We decided not to use CAdvisor due to issues with custom CRI and missing labels in Prometheus metrics. After considering the limitations and challenges with the embedded docker-shim in Kubelet, we decided to revert to using Prometheus and will display the resources provided by it. So we were in the process of restoring the previous monitoring settings.

Product Feedback #

Beginner Usability:
Feedback indicated that beginners might find it difficult to understand how our product works. To address this, we decided to create a small documentation page where users can learn how to use our product, understand its functionality, and its purpose.

Feature Requests:
Some users suggested adding more features, such as alerts on the application page or notifications sent via a Telegram bot. While we decided not to implement these features for the MVP, but we recognize their potential for future development.

Challenges & Solutions #

VM disconnection:
We use cloud.ru to create VMs for our project.

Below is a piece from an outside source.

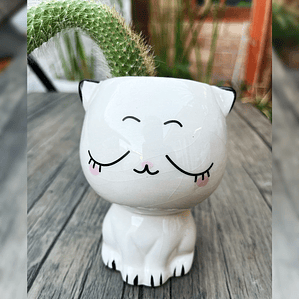 Cactus Cola de Mono – Hildewintera Colademononis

For some reason, there was an issue with our bonus points used for these VMs, which caused the VMs to be stopped. This resulted in significant downtime and lost productivity. To resolve this, we contacted cloud.ru support and had to wait two days for them to fix the issue and restore our VMs.

CAdvisor configuration:
Decided not to use CAdvisor due to issues with custom CRI and missing labels in Prometheus metrics. The removal of the embedded docker-shim from Kubelet caused the kubelet’s embedded CAdvisor metrics to break slightly. For custom containerd setups, adding –kubelet-extra-flags="–containerd=<path/to/containerd.sock>" into the k0s worker startup configures the kubelet embedded CAdvisor to gather metrics directly from containerd, thus obtaining the expected labels. However, this does not work when using Docker via cri-dockerd shim, and there are currently no easy workarounds for this. Future refactoring of kubelet to get container metrics from the CRI interface rather than directly from the runtime is being worked on as specified in KEP-2371. Until then, the only option is to run a standalone CAdvisor. So we decided not to use it.

Plans for next weeks #

  • Add documentation page and application page.
  • Continue working with role-base authentification.
  • Integrate monitoring in application info (make dynamic links for users).
  • Test our product to resolve any unknown issues.